Today was a very emotional day for me. Matt and I spent the morning visiting 2 school options for Waverly this fall. She is technically starting kindergarten, so as we create her IEP we wanted to see the various class options that are available. We already know that a mainstream classroom is not the best environment for her. So we visited a self-contained class in an elementary school for children with moderate to severe special needs. We also visited the Kilmer Center. It is an incredible school exclusively for children with very severe disabilities.
We knew going in that the Kilmer Center would most likely not be the best choice for Wavey next year, but we thought that down the road this would be a wonderful resource.
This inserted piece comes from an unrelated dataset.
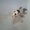 Photo of ande s.
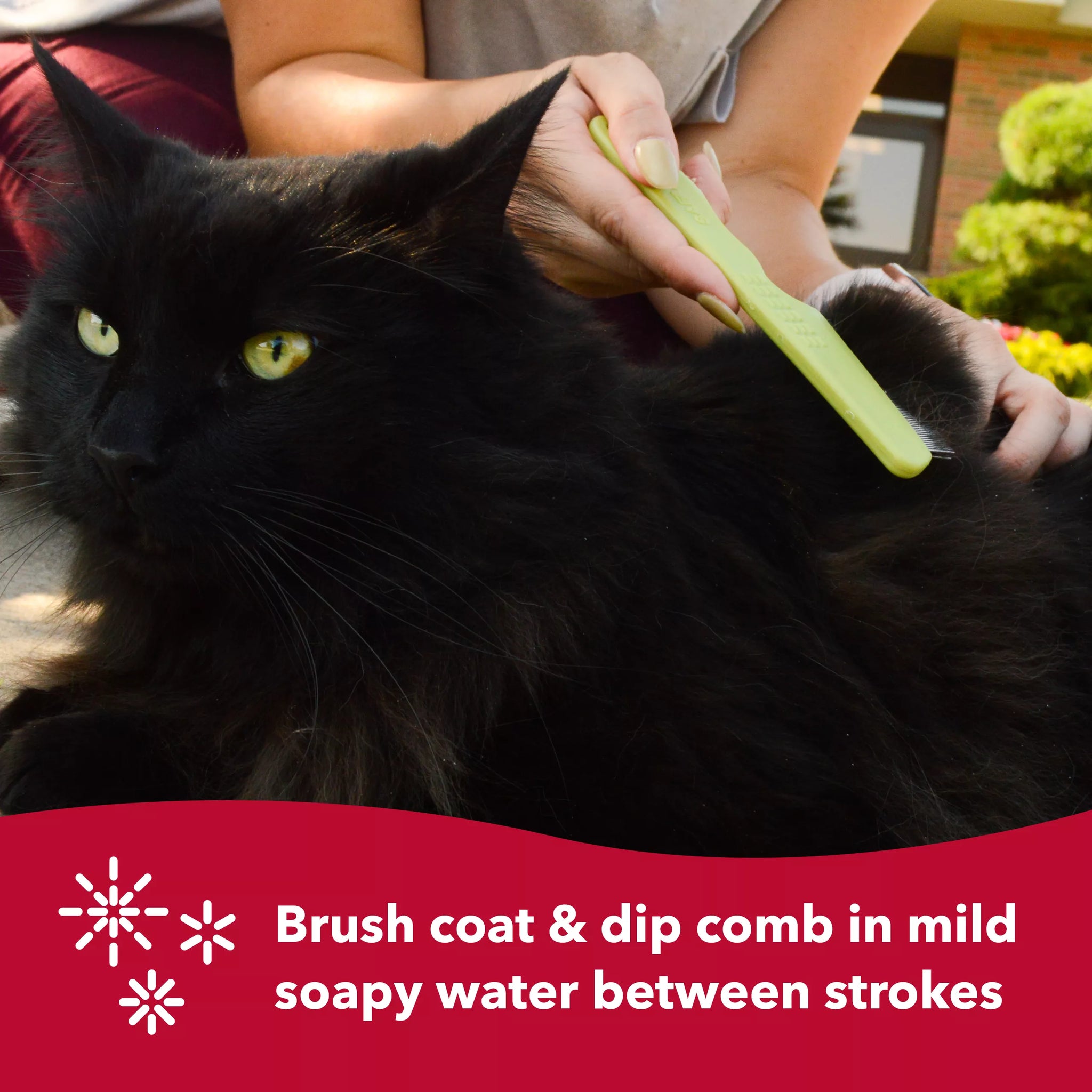 Fur Grooming Bundle for Cats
From the moment I walked in the Kilmer Center's front door I choked back the tears. And as we took a tour with the principal and explored the different classes and met the students, I was overwhelmed by what the future holds for my kids. The last classroom we visited contained the youngest students and I saw a little girl flapping her hand in just the same way as Waverly. I burst into tears and I had to leave. Wavey's preschool teacher accompanied us and she followed me out. She gave me a big hug and said that she can't imagine how scary this is for us.
Moments later I saw my happy, smiling little girl. She is still walking (although quite clumsily) and she is singing her beautiful songs. She smiles and laughs all of the time. She is such a happy little girl. But I couldn't help but look ahead to all of the terrible changes in store and cry.